The FMV of the bidding consideration has to be calculated as per the Rule 11UA of the Income Tax Rules, 1962 withintrinsic book values or listed stock market prices to be taken into account. There may be situations, where the bid price of the securities forming part of the resolution plan is lower than the FMV determined under Rule 11UA. Since these transactions of bidding are being undertaken in the open market through a competitive bidding process, it would be grossly unfair to tax the sellers and buyers on this notional income.

Thus, in order to ensure the successful and meaningful implementation of resolution plans under IBC, suitable amendments are desirable in the IBC Amendment Bill 2019, so as to ensure the non-applicability of sections 56(2)(x) & 50CA on such stressed/insolvent companies whose resolution plans for their financial revival have been approved by NCLT under IBC.

(iii) Suitable Amendments in IBC Amendment Bill 2019 to ensure Non-Applicability of the provisions of sections 2(1B), 2(19AA) & 72A of the Income Tax Act concerning allowability of carry forward and setoff of losses and unabsorbed depreciation in case of stressed/insolvent companies under IBC Act 2016:

In making strategic acquisitions of insolvent companies under IBC, the consideration of income tax benefit of availment of set-off benefit towards brought-forward business losses and unabsorbed depreciation of insolvent companies plays a very significant role in luring the potential bidders/buyers and it is a universal phenomenon in almost all strategic and financial revival plans under IBC. 

The conditions for availing the benefit of set-off towards brought-forward business losses and unabsorbed depreciation of the amalgamating/demerging entity are stipulated in section 72A of the Act within the meaning of section 2(1B) or 2(19AA) of the Act. 
The primary conditions as envisaged in section 72A are that atleast 75% of the shareholders of the amalgamating/demerging entity must be given shareholding in the amalgamated/demerged entity, amalgamated/demerged company must hold at least 75% of the book value of fixed assets of the amalgamating/demerging entity for a minimum period of five years from the date of amalgamation/demerger; and that the new entity must continue the business of the stressed company for a minimum period of five years from the date of amalgamation/demerger. If either of the conditions is not met, the tax benefit of loss and depreciation is to be taxed in the year the condition is breached.

All these conditions, may in a certain type of resolution plans, be difficult to comply with. Plans which require significant divestment of fixed assets for reasons of business viability may be hit by this embargo.

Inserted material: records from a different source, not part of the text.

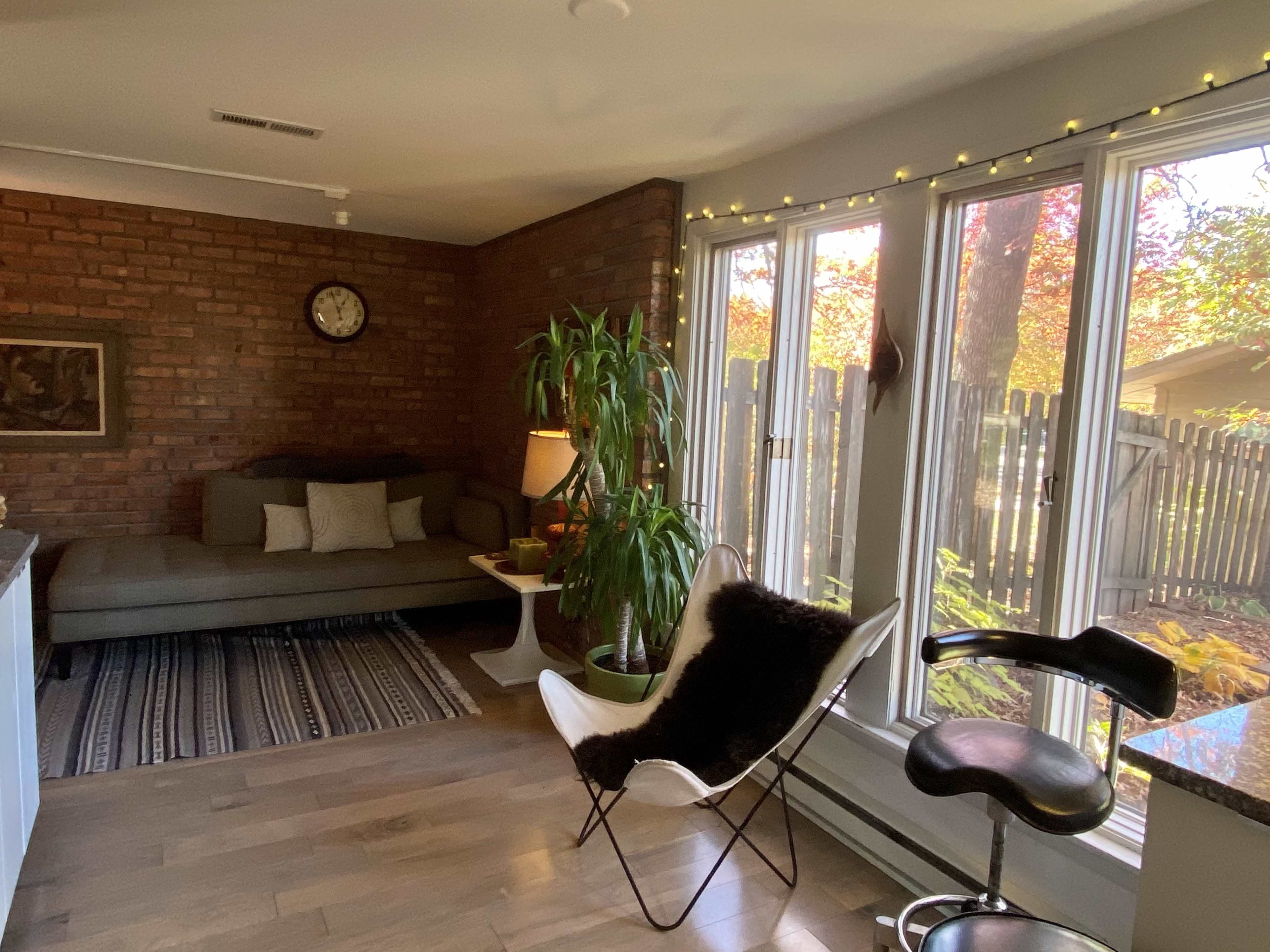 A cozy sitting area with a brick wall, large windows featuring natural light, and a mix of modern and vintage furniture.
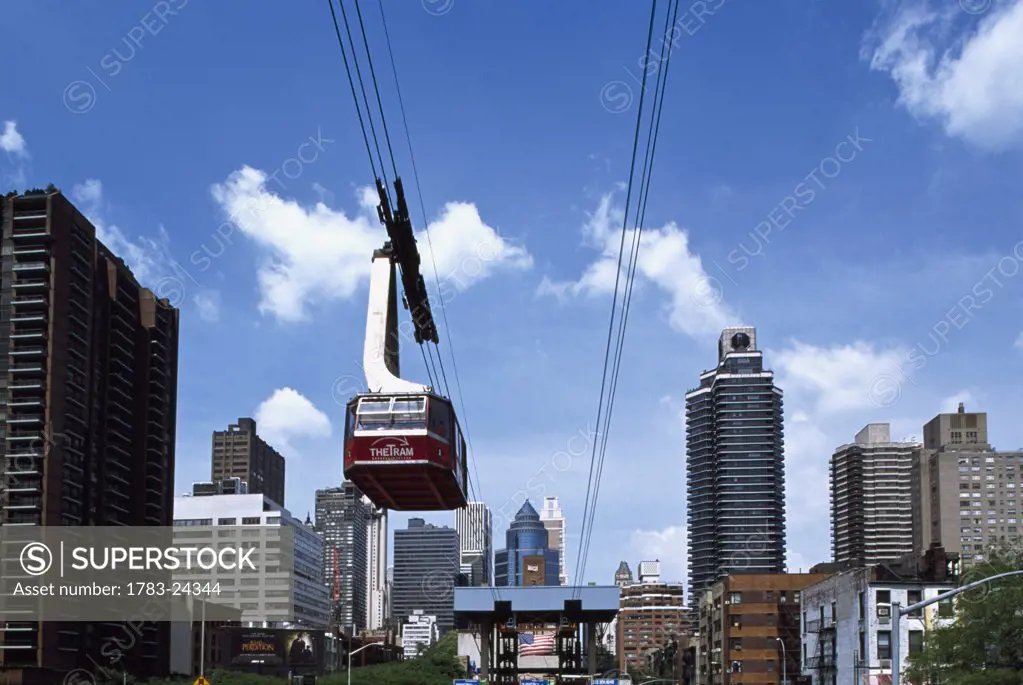 Ellis Island tramway and midtown skyline, Manhattan, New York City, USA.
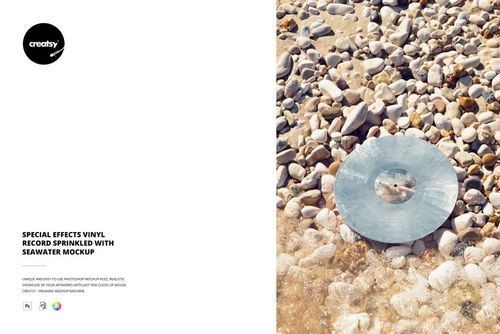 Vinyl record mockup placed on a rocky shoreline, partially wet with seawater and surrounded by small stones.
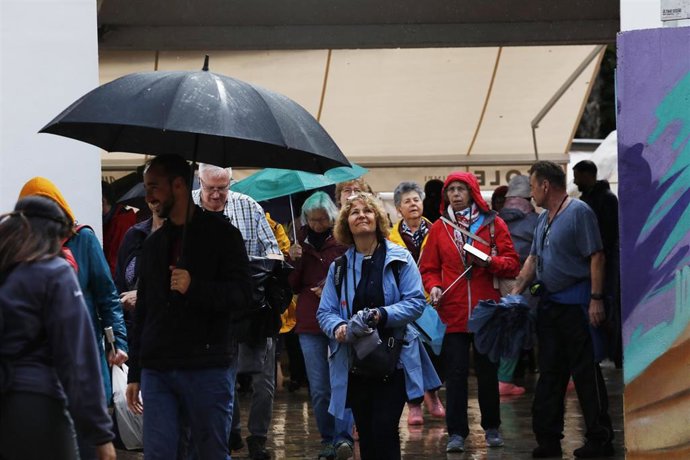 Archivo - Imagen de archivo de varias personas protegiéndose de la lluvia en Málaga, a 13 de marzo de 2025.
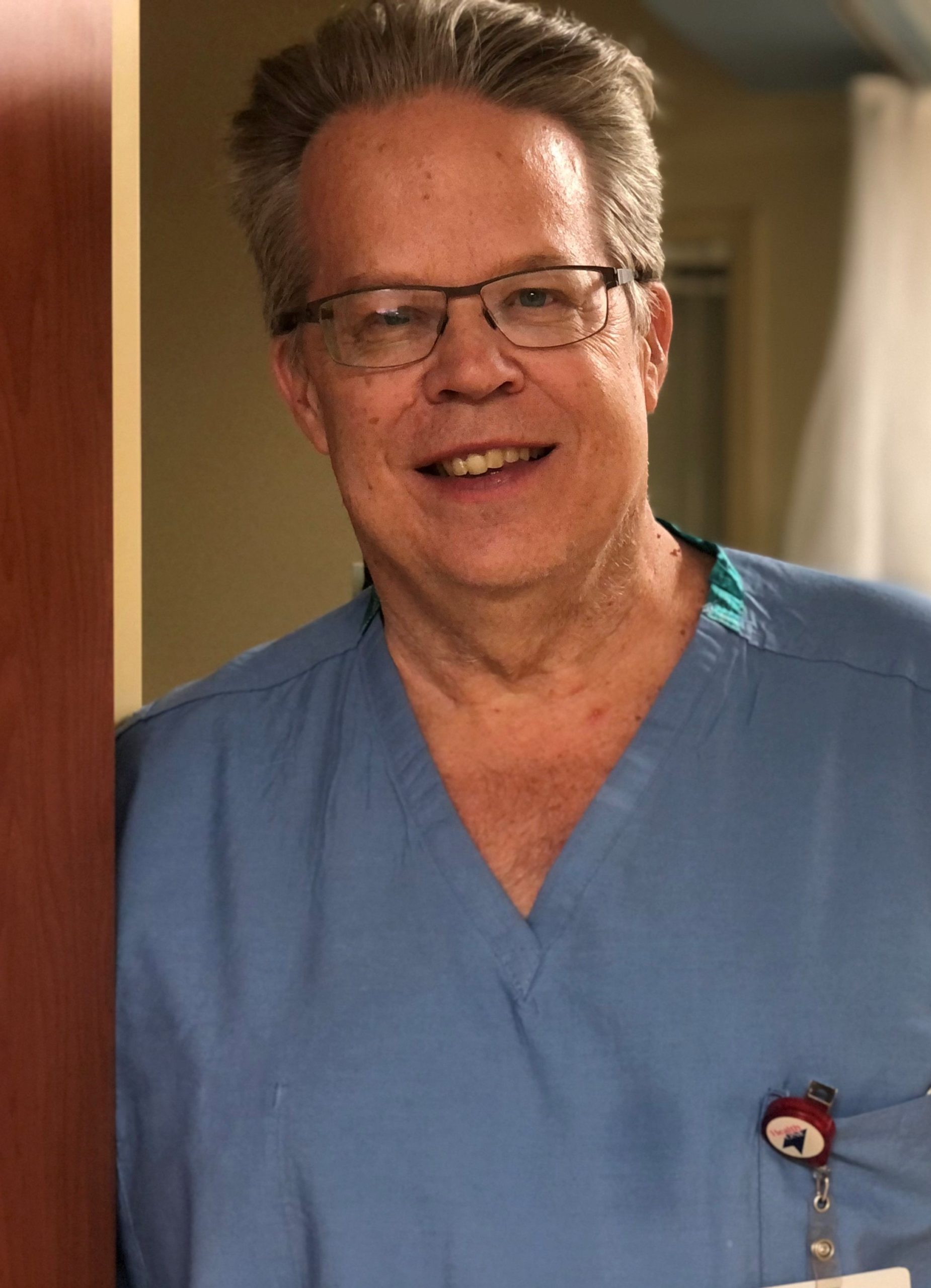 Man wearing glasses and blue scrubs. Headshot of Dr. Thomas Heffron.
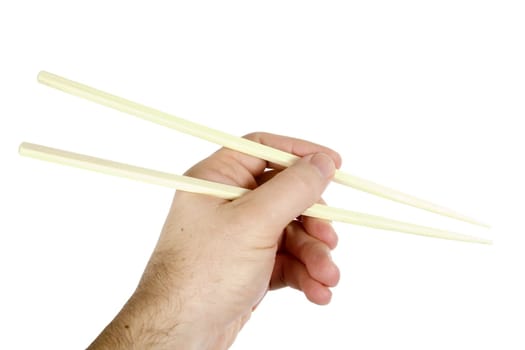 A males hand using chopsticks, isolated on white with clipping path.
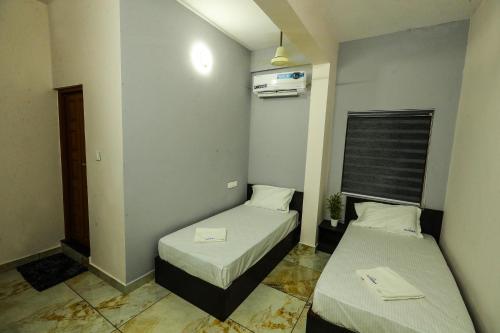 a small room with two beds and a window at Aldora Airport Residency in Nedumbassery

The limitation on the continuation of the old business after amalgamation hampers the flexibility of the acquirer to bring about a turnaround by restructuring the old business into a new business which is viable. In such situations, acquirers/bidders would be hampered by not being able to take the amalgamation route.

In view of above, suitable amendments in IBC Amendment Bill 2019 are desirable in order to ensure Non-Applicability of the provisions of sections 2(1B), 2(19AA) & 72A of the Income Tax Act concerning allowability of carry forward and setoff of losses and unabsorbed depreciation in case of stressed/insolvent companies under IBC,so as to encourage more potential buyers and bidders to participate in the resolution plans for ensuring the financial revival of such stressed/insolvent companies.

Concluding Remarks: 

The government has identified the success of IBC as a key determinant of our country’s economic growth,and as such it is imperative for the concerned finance ministry and revenue authorities to have a more compassionate, pragmatic and rational view concerning the above mentioned desirable reforms and rationalisation measures in the IBC Amendment Bill 2019 so as to ensure more flexibility, viability, effectiveness and faster implementation of resolution plans under IBC and to reduce the unnecessary litigations and to bring in the much needed stability and certainty in the IBC resolution process.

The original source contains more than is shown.